Secular Right | Reality & Reason



The Murdoch feeding frenzy

What is the likelihood that non-Murdoch-owned British tabloids did not practice phone hacking?  Exactly the same as the likelihood that they will be investigated for such misdeeds.


  • SFOtter · July 19, 2011 at 4:58 pm

    Don’t think of this as ‘justice for phone hacking’. This is more like ‘getting Capone on tax evasion’. It is an excuse for the UK government to get out from under Murdoch’s thumb.

  • Author comment by Andrew Stuttaford · July 19, 2011 at 6:43 pm

    Heather, if you follow a couple of the links included in this post I put up on the Corner a day or so ago, it’ll help answer the question….

  • John · July 20, 2011 at 1:39 am

    I have to admit that I was surprized at the depravity of the press in this. Tapping people’s phones? Not cool at all. And the police covering it up? Even worse. It looks like this was common knowledge in the industry, but I don’t think the typical person knew about it. People ought to spend some time in jail over this.

    And again, we have another case of the right thing done for the wrong reason. Of course they are going after Murdoch because he is on the right. Yes, it’s not fair that the other papers aren’t being looked at. Yet, the public outrage from this means it may be more difficulty for anybody, left or right, to get away with this in the future.

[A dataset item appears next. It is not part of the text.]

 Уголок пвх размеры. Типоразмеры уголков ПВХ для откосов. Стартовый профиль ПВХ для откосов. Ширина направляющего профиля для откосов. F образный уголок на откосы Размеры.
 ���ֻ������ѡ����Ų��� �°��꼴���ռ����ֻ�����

  • Polichinello · July 20, 2011 at 2:18 pm

    I agree with John. The stuff being alleged, like hacking and erasing messages from a missing girl’s voicemail, are simply indefensible, reprehensible. We shouldn’t rely on tu quoques, and speculative ones at that.

    As far as the hatred towards Murdoch, it goes a bit deeper than his politics. He’s thrown a lot of elbows. He created this environment.

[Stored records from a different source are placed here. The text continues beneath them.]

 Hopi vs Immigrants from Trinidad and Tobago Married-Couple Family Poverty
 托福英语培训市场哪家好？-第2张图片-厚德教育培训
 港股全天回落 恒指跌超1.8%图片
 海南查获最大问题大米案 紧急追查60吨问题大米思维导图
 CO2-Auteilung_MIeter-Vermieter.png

    There is one bit of real hypocrisy, though. This scandal in England is getting all sorts of play over here by self-interested players, like the NYT, but no one seems to eager to give the same coverage to the Fast and Furious Scandal. Here, the government bungled a sting that led to death–which, by my estimation, is a bit worse than hacking.

  • Sean · July 20, 2011 at 6:33 pm

    “What is the likelihood that non-Murdoch-owned British tabloids did not practice phone hacking? Exactly the same as the likelihood that they will be investigated for such misdeeds.”

    So then, if there is zero likelihood that non-Murdoch tabloids did it, there is zero likelihood they will be investigated? Somehow I doubt that was your intent.

    Speaking of “hacking,” you might consider your metaphors a bit more carefully before posting them. This is just sloppy.

  • cc · July 20, 2011 at 9:56 pm

    If a non-Murdoch owned tabloid did what NOTW did, all it takes is a whistleblower or three to step forward to make an accusation. That’s what got the NOTW investigation underway. Until then, I’ll reserve the right to say that the non-Murdoch tabs did not phone-hack, or at least not nearly to the extent that we’re seeing here.

    I’m open to being proved wrong, though. And if I am, I won’t be surprised.

  • Clark · July 22, 2011 at 5:06 am

    It seems the problem is that (a) everyone did it and (b) all the political parties were involved. What I’m most curious about is what reforms are apt to be implemented. It’d be nice to call up all the heads of major media companies and demand some transparency and explicit reforms to ensure this won’t happen again.

    However what I bet will happen is that after a month of everyone getting their jabs in that it will be in everyones best interest to sweep this under the rug and do little about this.